If the most recent literature Nobel Prize winner has chosen to reveal anything about himself, it is that he is a great reader of the Bible. His faith, on the other hand, is something much more complex. His spiritual pilgrimage covers various periods of his life but he has given barely no interviews over the last few decades. We are talking about a real enigma, even for his family and friends.
Finding out to whom he was married was one of the main revelations for Sounes in the recent biography of Dylan. If we don’t even know that, how can we even starts to talk about his personal faith.
One of the most impressive things that you find when you read about his life, something that I have done a lot of, is that even the people that he lives with don’t know where he is when he goes on one of his many walkabouts. Some say that they even see him walking the streets like a vagabond, fitting into that great tradition of musicians without home. He is so caught up in his own world that he is incapable committing himself to anyone and is always going against the current.

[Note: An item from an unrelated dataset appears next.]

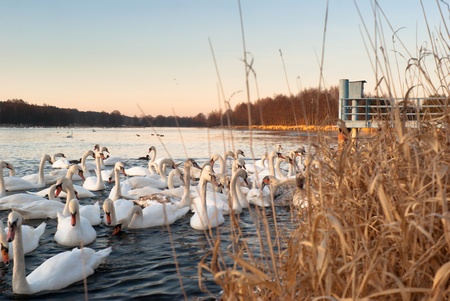 swan on blue lake water in sunny day, swan on pondの写真素材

He was born in Duluth (Minnesota) in 1941, but not only did he change his name on arriving to New York in 1962, taking his name from the poet Dylan Thomas, he practically reinvented his whole life story. It is no wonder that his “Chronicles” begin with that harsh winter when he arrived in New York, the year before. Although he had recorded a rock album previously, when he arrived in the Village he became a folk singer. When everyone had got to know him for that genre, he went back to rock in 1965.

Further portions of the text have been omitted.